Cora et Match France vendus à Carrefour, avec leur pendant immobilier, c’est une très belle offensive menée par Alexandre Bompard sur le marché français. C’est aussi une nouvelle preuve d’un changement d’attitude de la famille Bouriez, propriétaire du Groupe louis delhaize. La logique voudrait que, après la Roumanie et la France, celui-ci cède ces mêmes enseignes au Luxembourg. Mais quelles perspectives pour les magasins belges ?  
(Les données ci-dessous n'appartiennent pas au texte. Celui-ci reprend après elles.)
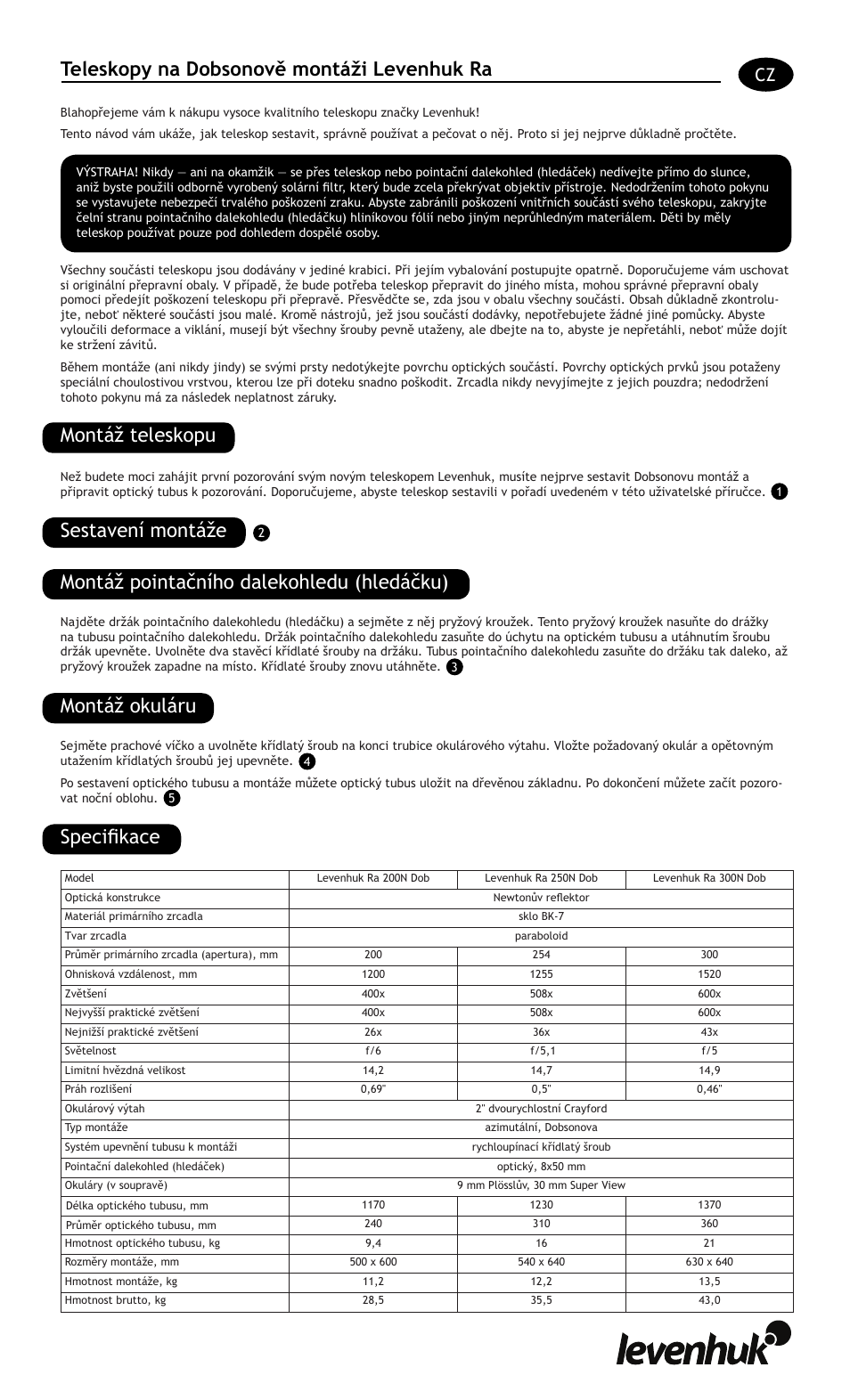 Teleskopy na dobsonově montáži levenhuk ra, Montáž teleskopu | Levenhuk Ra 250N Dob Telescope User Manual | Page 5 / 16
Tout semble indiquer qu’Alexandre Bompard n’a pas perdu de temps, et a mené tambour battant ce rachat des parcs français de Cora et Match : aucune rumeur préalable n’avait filtré, et c’est très rare dans le métier. Pour le patron du Groupe Carrefour, c’est une belle prise, en termes de gain de part de marché, en termes aussi de complémentarité géographique du réseau : l’est et le nord de la France sont des zones où Carrefour pouvait effectivement se renforcer. Le défi sera bien sûr d’harmoniser les cultures d’entreprises, et celles de Match, et plus encore de Cora, sont particulières, accordant beaucoup d’autonomie à chaque responsable de magasin, voire chaque responsable de rayon. Le communiqué de presse ne précise pas en toutes lettres ce qu’il adviendra des enseignes Cora et Match, mais on rappellera que, suite à la fusion avec Promodès, les enseignes Continent et Champion étaient devenues des Carrefour hypermarchés ou Carrefour market. La logique de volume des marques de distributeurs, qui sont une arme de conquête en cette période inflatoire, invite en effet à privilégier Carrefour.
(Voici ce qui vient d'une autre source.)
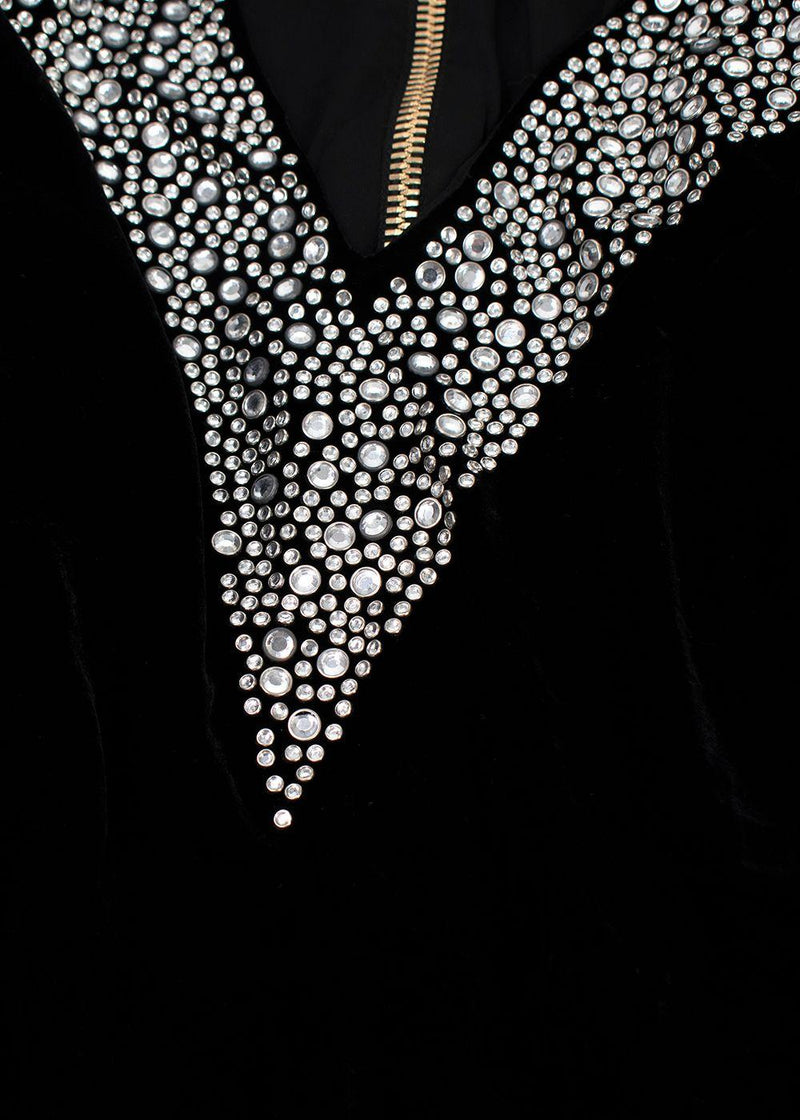 Balmain Black Velvet Embellished Dress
Pour la famille Bouriez, le chèque d’un peu plus d’un milliard est certainement bienvenu, il doit plus que probablement permettre de couvrir l’endettement du Groupe. C’est aussi un nouvel indice révélateur de l’état d’esprit de l’actionnaire, qui avait choisi de reprendre pleinement en mains la direction des affaires, après les avoir un temps confiées à un manager externe. Après la vente - déjà à Carrefour - des prospères Cora roumains, celle de Cora et Match France a bien sûr une toute autre importance. Que reste-t-il dans le groupe ? Quelques perles, comme les jardineries Truffaut, ou l’enseigne Bon d’ici, dédiée aux producteurs alimentaires locaux, dont on ne serait pas étonné que la famille souhaite les conserver. Mais pour le reste, tout est probablement juste une question d’opportunités. Le groupe louis delhaize a largement cloisonné ses filiales. Delitraiteur, par exemple, est une business unit séparée des autres enseignes. Cora et Match Luxembourg sont également hébergées dans une entité juridique séparée : tout ceci autorise la vente par appartements. Même la propriété de l’immobilier importe : l’acheteur des enseignes  a tout intérêt à acheter aussi le parc de magasins, s’il veut maîtriser tous les flux financiers qui conditionnent la rentabilité. La cession de Cora et Match France s’accompagne logiquement de celle de Galimmo, qui détient le parc immobilier, mais à notre connaissance uniquement pour le territoire français. Ce qui maintient le jeu ouvert pour des candidats acheteurs sur d’autres marchés.